Summary of my reasoning of the last few years.
I seem to live in a "reality" that is not the way I had imagined it until recently, and it has deceived me so much that I now even need to ask myself whether I am living in someone else's video game and everything around me is just imaginary, as in the movie "The Truman Show". They might not even be actors but just computers.
But this all depends on how intelligent my creator was.
Another possible reality is that these people around, the entire world around me is actually living and random to some degree.
That's the most probable thing, but let's not exclude the first hypothesis, that I am in the Truman Show.
So I am living in this world, most probable thing, with other humans like me, who are being deceived on average far more than I am being deceived right now.
In other words they still think their leaders care about them, there's such a thing as a free mainstream media, there's the opposition... none of this is true. But of course they've all been too busy with their stupid pastimes (soccer, TV, spending time with their stupid friends, etc.) to find out about anything.

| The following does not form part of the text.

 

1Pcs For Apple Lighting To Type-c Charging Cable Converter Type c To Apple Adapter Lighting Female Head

I have now understood that our political and religious leaders worship the devil and even make human sacrifices to the devil. And I have discovered that demons exist, and that they act in this world, on their own, or even by possessing people. But for some reason there is only so much that they will do. They will move a chair to show they are there, but they won't cut off your arm with a knife, even if they had the power to do it.
So it is as if they followed some rules, even some moral rules. Also in who they possess and when. It is absolutely a fascinating topic and definitely not very researched. Or rather, there is a field called "demonology", but it's not widely known. But it is in fact researched.

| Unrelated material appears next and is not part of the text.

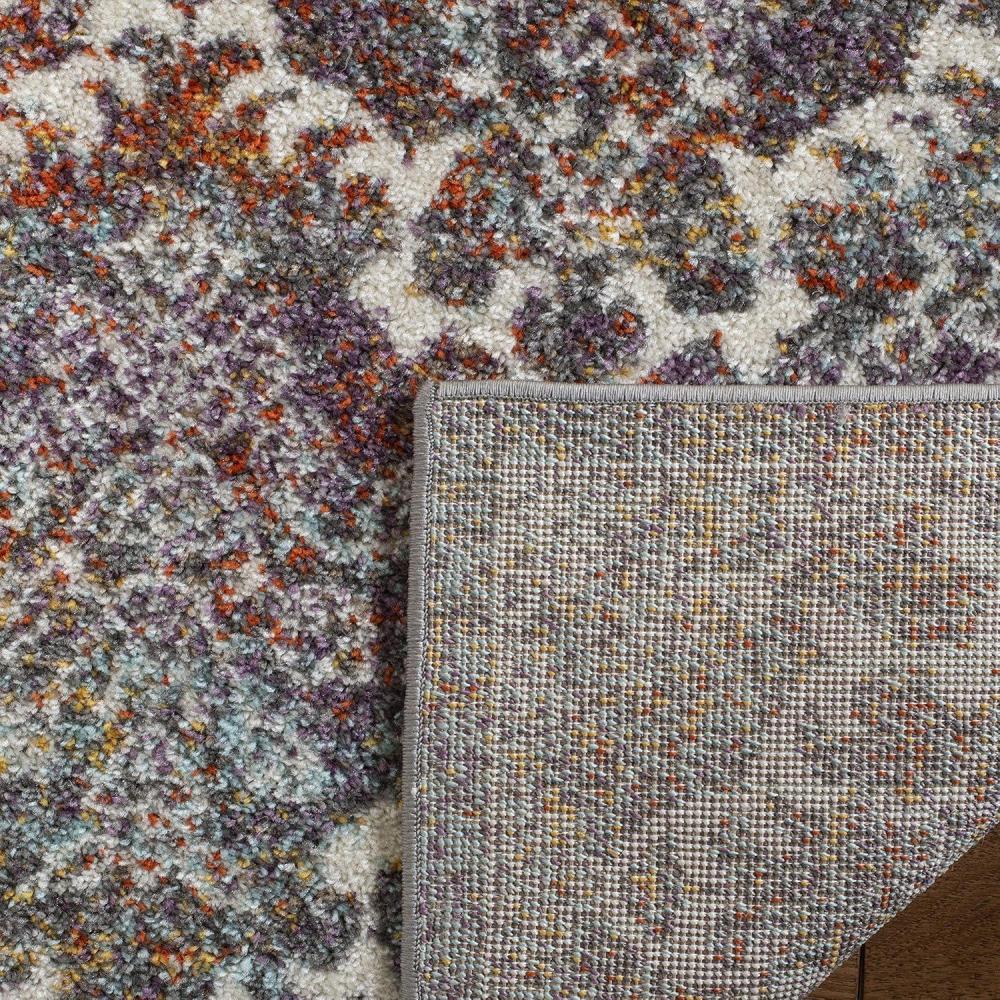 image:imageSAFAVIEH Madison Collection Area Rug 51 x 76 Light Grey amp Rust Boho Chic Damask Design NonShedding amp Easy Care Ideal for High Traffic Areas in Living Room Bedroom MAD945RLight GreyRust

Then I am also assuming that Jesus exists, because demons are so scared of him, and that's why I went to church again... but still here we have another two problems.
First problem: some people claim that exorcisms work also in other religions, other than Christian. And some people claim that praying to any god will make the spirits go away. I didn't find many such cases, but even one case would be critical and would invalidate the my whole theory.
Second problem. People who open their third eye through drugs or other mental exercises (provided people are real, and I am not in the Truman Show) seem to meet plenty of spirits, dozens of different spirits (cf. what the Vigilant Christian says about his past occultist experiences) but I have seen very few people who claim to have met Jesus, and it is mostly those who have had near-death experiences (cf. previous videos). Those guys have all met Jesus as far as my youtube research shows.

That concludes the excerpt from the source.